It seems to work, but is it safe to use self
after forking? Or should I always pass arguments to the subprocess as function parameters through args
?
import multiprocessing as mp
class C():
def __init__(self):
self.v = 'bla'
p = mp.Process(target=self.worker, args=[])
#p = mp.Process(target=self.worker, args=(self.v,))
p.start()
p.join()
def worker(self):
print(self.v)
#def worker(self, v):
#print(v)
c = C()
# prints 'bla'
To be more specific, I want to pass manager.Queue() objects, not sure, if it makes a difference.
If this was a simple C fork(), since the whole process is copied identically - except for the pid -, self
would be the same. But Python multiprocessing may be doing something I am not aware of, or there may be a warning somewhere like "don't use it like this, this may change in the future". I did not find anything addressing specifically this question.
My actual worries is that arguments passed in args
, especially if they are associated with the multiprocessing module may be transformed around fork() to avoid whatever problems.
Python 3.6.5
For anything other than the fork start method, both the target and the arguments are sent to the worker processes using pickling, when Process.start()
is called. For the fork method, the child process is forked at the same point, so when Process.start()
is called.
So when you don't use the fork start method, what you need to worry about is if your data can be pickled.
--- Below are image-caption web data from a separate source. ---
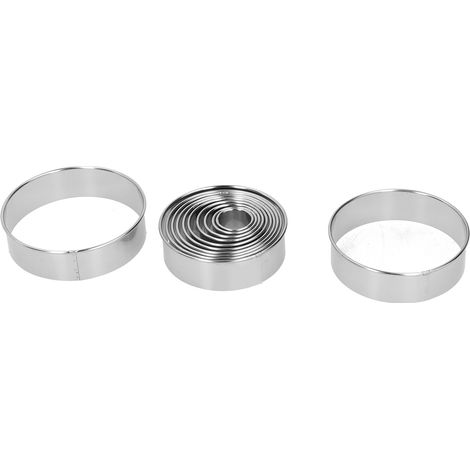 12 Pièces Anneaux à Mousse en Acier Inoxydable, Moules à Gâteau Ronds pour Pâtisserie, Découpe Biscuits, Accessoires de Cuisine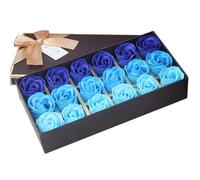 Delicata scatola di sapone con 18 rose, perfetta per migliorare l'atmosfera nei giorni speciali (blu)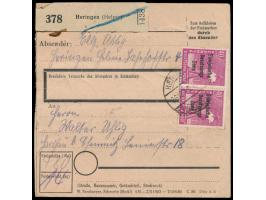 12 x 40 Pf. Maschinenaufdruck als seltene Massenfrankatur auf  Paketkarte  von 14 Kg Gewicht von  Heringen (Helme)  26.10.48 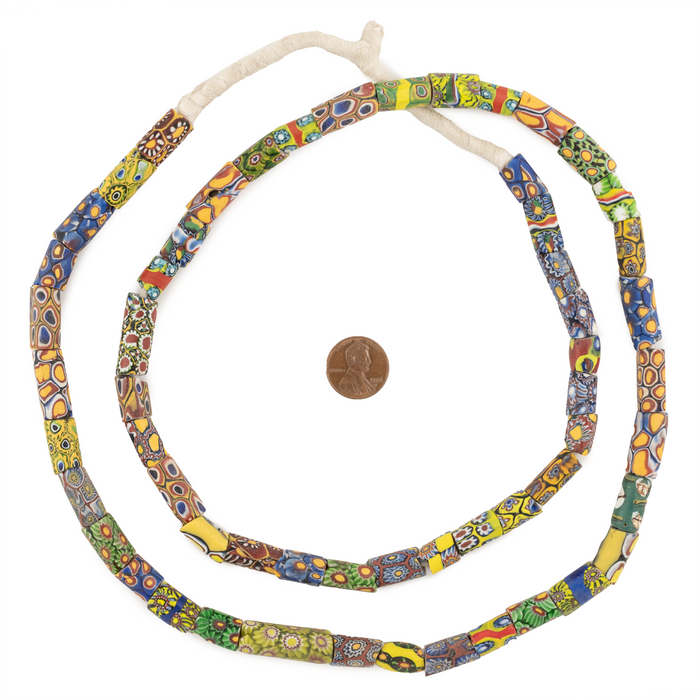 Antique Venetian Millefiori African Trade Beads (Extra Long Strand) #16484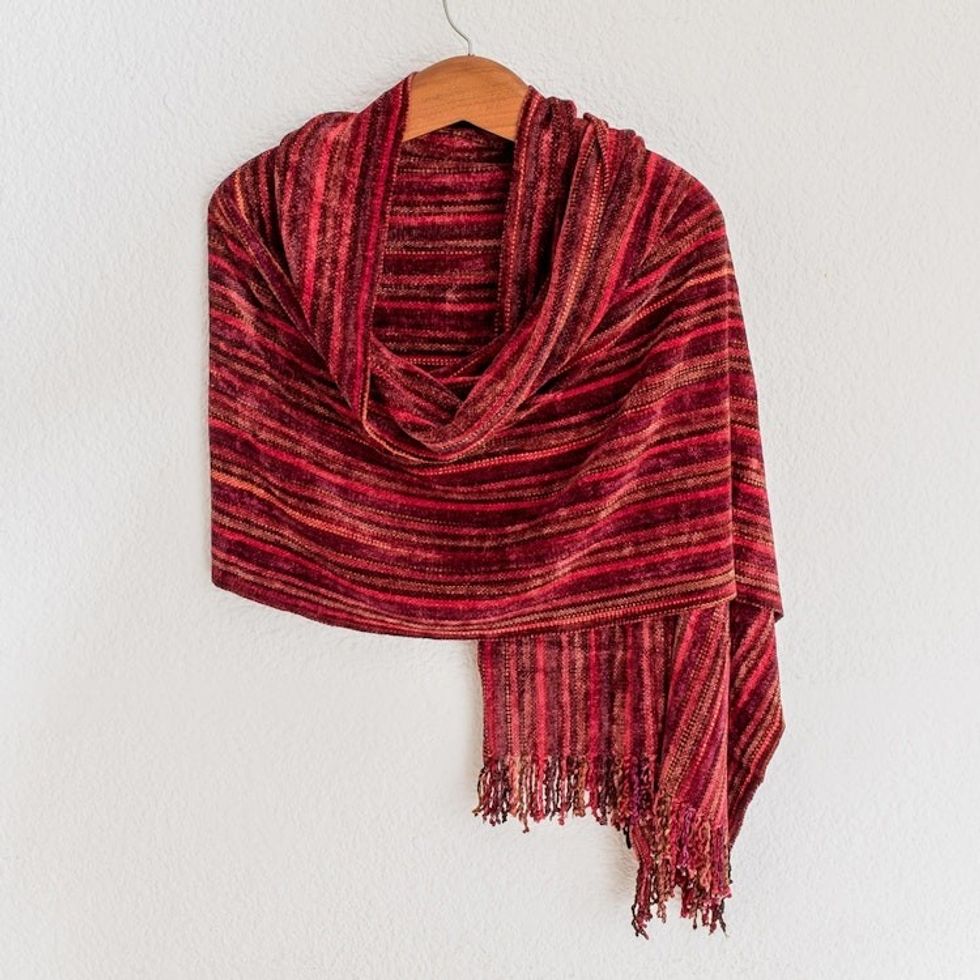 Guatemalan Handcrafted Rayon Chenille Shawl 'Crimson Fantasy'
When that is the case then there is no reason to avoid using a class instance and self
; the whole instance is pickled as self.target
is a method that includes a reference to the instance:
>>> class C:
... def __init__(self):
... self.v = 'bla'
... def worker(self):
... print(self.v)
...
>>> c = C()
>>> data = pickle.dumps(c.worker)
>>> pickletools.dis(data)
0: \x80 PROTO 4
2: \x95 FRAME 71
11: \x8c SHORT_BINUNICODE 'builtins'
21: \x94 MEMOIZE (as 0)
22: \x8c SHORT_BINUNICODE 'getattr'
31: \x94 MEMOIZE (as 1)
32: \x93 STACK_GLOBAL
33: \x94 MEMOIZE (as 2)
34: \x8c SHORT_BINUNICODE '__main__'
44: \x94 MEMOIZE (as 3)
45: \x8c SHORT_BINUNICODE 'C'
48: \x94 MEMOIZE (as 4)
49: \x93 STACK_GLOBAL
50: \x94 MEMOIZE (as 5)
51: ) EMPTY_TUPLE
52: \x81 NEWOBJ
53: \x94 MEMOIZE (as 6)
54: } EMPTY_DICT
55: \x94 MEMOIZE (as 7)
56: \x8c SHORT_BINUNICODE 'v'
59: \x94 MEMOIZE (as 8)
60: \x8c SHORT_BINUNICODE 'bla'
65: \x94 MEMOIZE (as 9)
66: s SETITEM
67: b BUILD
68: \x8c SHORT_BINUNICODE 'worker'
76: \x94 MEMOIZE (as 10)
77: \x86 TUPLE2
78: \x94 MEMOIZE (as 11)
79: R REDUCE
80: \x94 MEMOIZE (as 12)
81: . STOP
highest protocol among opcodes = 4
In the above stream you can clearly see v
, 'blah'
and worker
named.
If you do use the fork start method, then the child process simply has full access to everything that was in memory in the parent process; self
is still referencing the same object you had before forking. Your OS takes care of the details there, such as ensuring that file descriptors are independent, and that the child process gets a copy of the memory blocks that are being altered.
Either way, further changes you make to the instance won't be visible to the parent process, unless you explicitly use data structures designed to be shared.